Publisher sues government officials who bought out election day papers

  • A prosecutor and sheriff are being sued in federal court for allegedly conspiring to prevent the public from reading stories about them by purchasing nearly all editions of a daily newspaper.

The publisher of a Maryland weekly newspaper contends that St. Mary’s chief prosecutor, the sheriff, and several sheriff’s office employees violated his First Amendment rights and interfered with his business operation when they bought up nearly all of his newspapers on election day in November 1998.

Kenneth Rossignol, the publisher of St. Mary’s Today, filed suit in federal District Court in Greenbelt in early November alleging that District Attorney Richard Fritz, Sheriff Richard Voorhaar, and several sheriff’s office employees, including Capt. Steven Doolan, Sgts. Lyle Long, Michael Merican, Edward Willenborg, and Deputies Daniel Alioto, Steven Myers, and Harold Young orchestrated the purchases to keep the public from reading stories about Voorhaar and Fritz that appeared in the Nov. 3 election edition.

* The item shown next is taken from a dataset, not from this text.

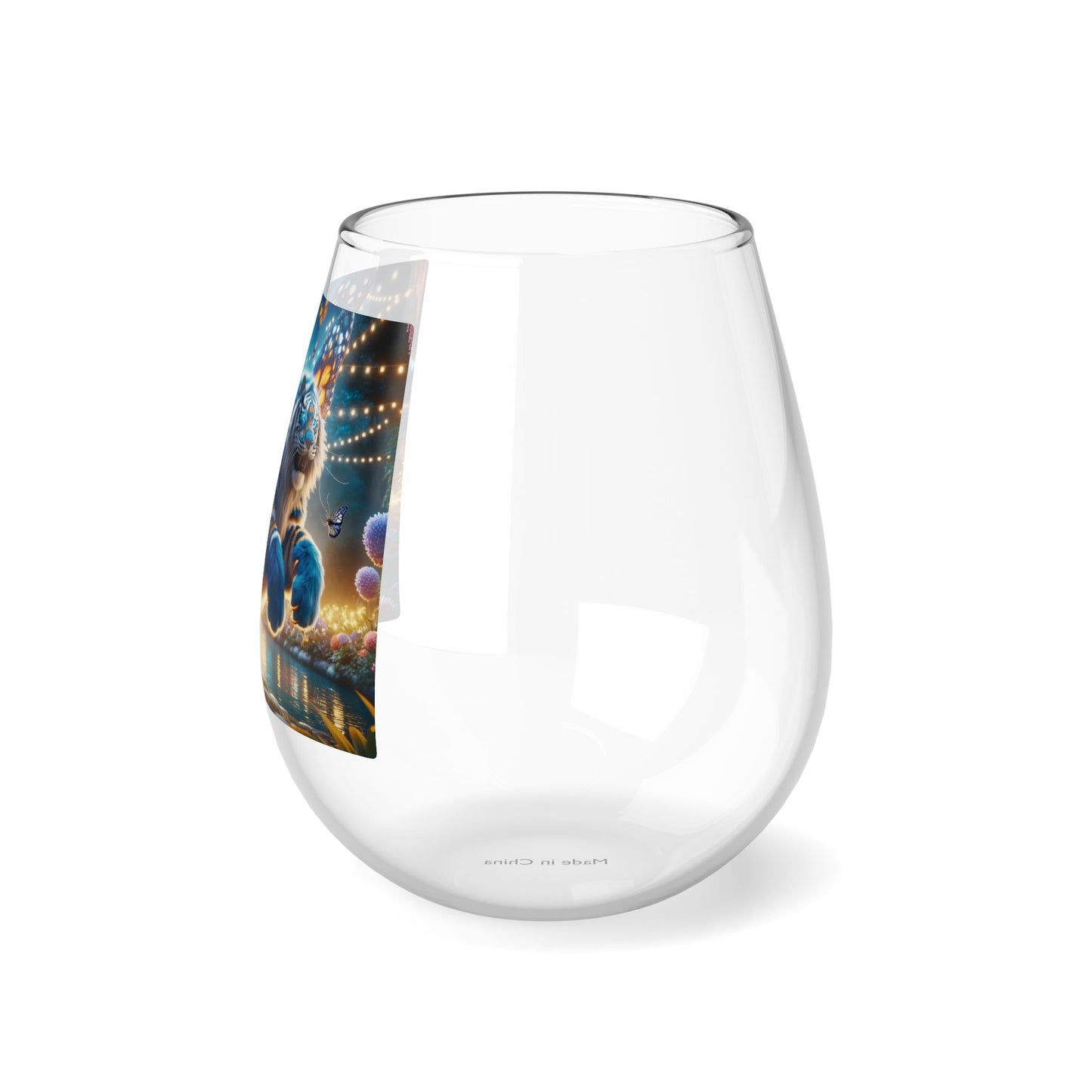 Wine Glass Stemless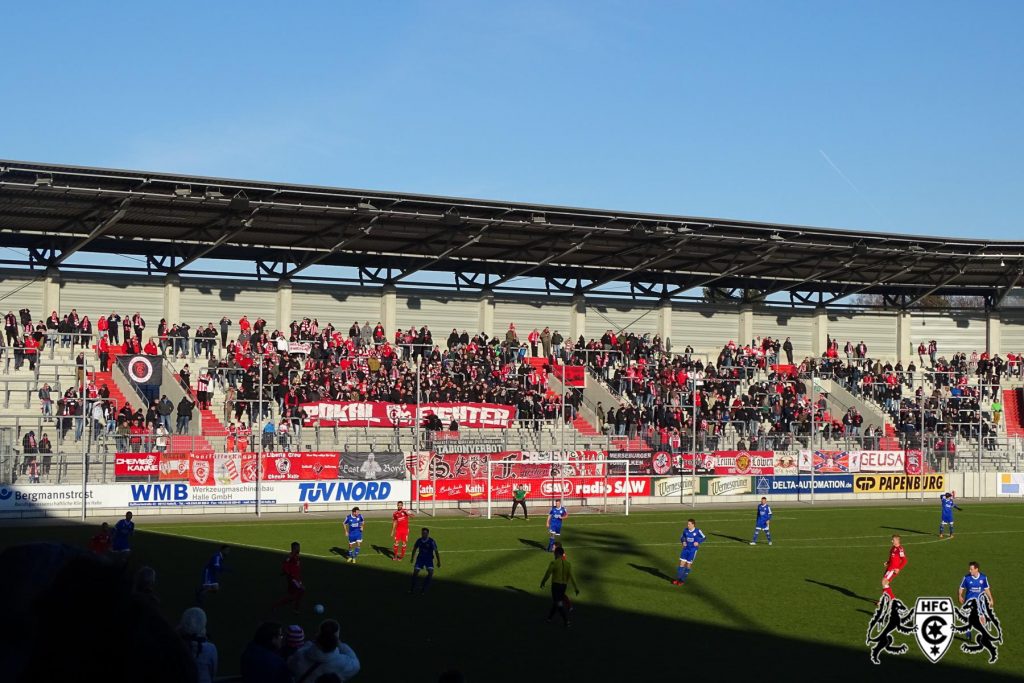 FSA-Pokal, Achtelfinale: Hallescher FC vs. SV Westerhausen 1890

Rossignol claims that the group, in the early hours of Nov. 3, 1998, drove to various stores throughout St. Mary’s County, purchased all of the copies available from stores and boxes, and then destroyed them.

“These actions constituted violations of the U.S. Constitution, namely, an unlawful prior restraint on the press in violation of the First Amendment, unlawful and warrantless seizures of property in violation of the Fourth Amendment, and deprivation of property without due process of law in violation of the 14th Amendment,” according to the complaint filed by Rossignol’s attorney, Alice Neff Lucan.

Voorhaar told the Reporters Committee that he would love to comment on the lawsuit, but has been advised against doing so.

“I hope to be able to tell you what I really think about this soon,” Voorhaar said.

Fritz did not respond to a request for comment.

(Rossignol v. Voorhaar; Media Counsel: Seth Berlin and Alice Neff Lucan, Washington, D.C.)